ABOUT THIS TASK – In this exercise, return the whole listing exactly, excluding any images.

THE DATA –
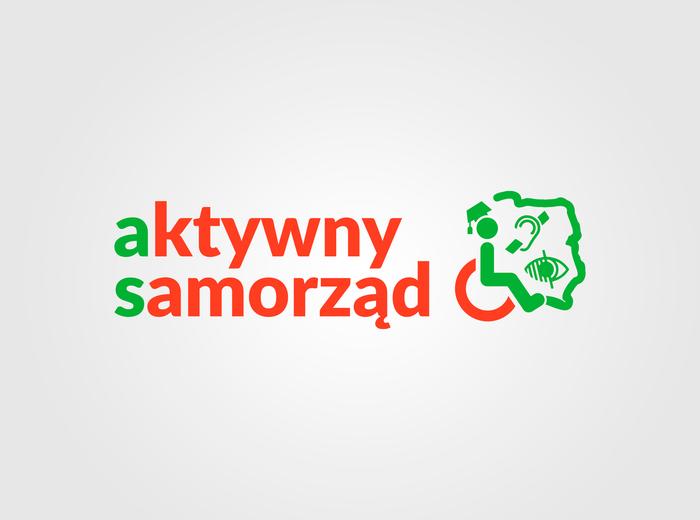 aktywny samorzad.docx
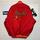 item listed by vintage_domi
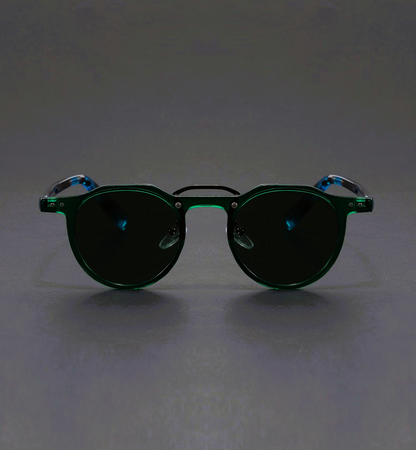 Monterro™ Unisex Horizon Sunglasses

RESULT FOR THIS EXERCISE –
 aktywny samorzad.docx
 item listed by vintage_domi
 Monterro™ Unisex Horizon Sunglasses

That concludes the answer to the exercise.